• [Task requirements]:
This exercise calls for every record to be set down exactly.

──────── Data to use

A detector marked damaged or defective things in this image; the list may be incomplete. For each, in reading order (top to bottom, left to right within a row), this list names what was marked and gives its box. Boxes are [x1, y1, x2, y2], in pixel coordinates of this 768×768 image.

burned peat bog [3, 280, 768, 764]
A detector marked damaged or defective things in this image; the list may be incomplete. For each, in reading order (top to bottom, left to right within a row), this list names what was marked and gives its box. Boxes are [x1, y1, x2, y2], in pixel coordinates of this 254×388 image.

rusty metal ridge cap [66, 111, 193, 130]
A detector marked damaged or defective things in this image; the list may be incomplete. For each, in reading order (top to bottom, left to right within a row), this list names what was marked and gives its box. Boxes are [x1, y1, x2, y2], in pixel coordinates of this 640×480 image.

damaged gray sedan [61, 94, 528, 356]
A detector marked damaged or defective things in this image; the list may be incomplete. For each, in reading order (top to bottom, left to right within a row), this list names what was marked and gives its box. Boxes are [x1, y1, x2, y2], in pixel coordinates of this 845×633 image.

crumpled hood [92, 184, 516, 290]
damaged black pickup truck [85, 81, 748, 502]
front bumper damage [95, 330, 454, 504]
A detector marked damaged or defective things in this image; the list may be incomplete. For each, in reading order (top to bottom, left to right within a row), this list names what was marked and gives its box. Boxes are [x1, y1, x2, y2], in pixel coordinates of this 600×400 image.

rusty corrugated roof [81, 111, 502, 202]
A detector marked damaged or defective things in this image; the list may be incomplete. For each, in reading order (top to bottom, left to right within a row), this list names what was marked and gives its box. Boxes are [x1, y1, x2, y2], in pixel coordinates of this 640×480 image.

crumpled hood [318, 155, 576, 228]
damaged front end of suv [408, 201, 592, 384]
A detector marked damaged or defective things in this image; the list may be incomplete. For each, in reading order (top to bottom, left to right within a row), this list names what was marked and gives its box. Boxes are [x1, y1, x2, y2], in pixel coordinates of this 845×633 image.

────────────────

• [Response]:
A detector marked damaged or defective things in this image; the list may be incomplete. For each, in reading order (top to bottom, left to right within a row), this list names what was marked and gives its box. Boxes are [x1, y1, x2, y2], in pixel coordinates of this 768×768 image.

burned peat bog [3, 280, 768, 764]
A detector marked damaged or defective things in this image; the list may be incomplete. For each, in reading order (top to bottom, left to right within a row), this list names what was marked and gives its box. Boxes are [x1, y1, x2, y2], in pixel coordinates of this 254×388 image.

rusty metal ridge cap [66, 111, 193, 130]
A detector marked damaged or defective things in this image; the list may be incomplete. For each, in reading order (top to bottom, left to right within a row), this list names what was marked and gives its box. Boxes are [x1, y1, x2, y2], in pixel coordinates of this 640×480 image.

damaged gray sedan [61, 94, 528, 356]
A detector marked damaged or defective things in this image; the list may be incomplete. For each, in reading order (top to bottom, left to right within a row), this list names what was marked and gives its box. Boxes are [x1, y1, x2, y2], in pixel coordinates of this 845×633 image.

crumpled hood [92, 184, 516, 290]
damaged black pickup truck [85, 81, 748, 502]
front bumper damage [95, 330, 454, 504]
A detector marked damaged or defective things in this image; the list may be incomplete. For each, in reading order (top to bottom, left to right within a row), this list names what was marked and gives its box. Boxes are [x1, y1, x2, y2], in pixel coordinates of this 600×400 image.

rusty corrugated roof [81, 111, 502, 202]
A detector marked damaged or defective things in this image; the list may be incomplete. For each, in reading order (top to bottom, left to right within a row), this list names what was marked and gives its box. Boxes are [x1, y1, x2, y2], in pixel coordinates of this 640×480 image.

crumpled hood [318, 155, 576, 228]
damaged front end of suv [408, 201, 592, 384]
A detector marked damaged or defective things in this image; the list may be incomplete. For each, in reading order (top to bottom, left to right within a row), this list names what was marked and gives its box. Boxes are [x1, y1, x2, y2], in pixel coordinates of this 845×633 image.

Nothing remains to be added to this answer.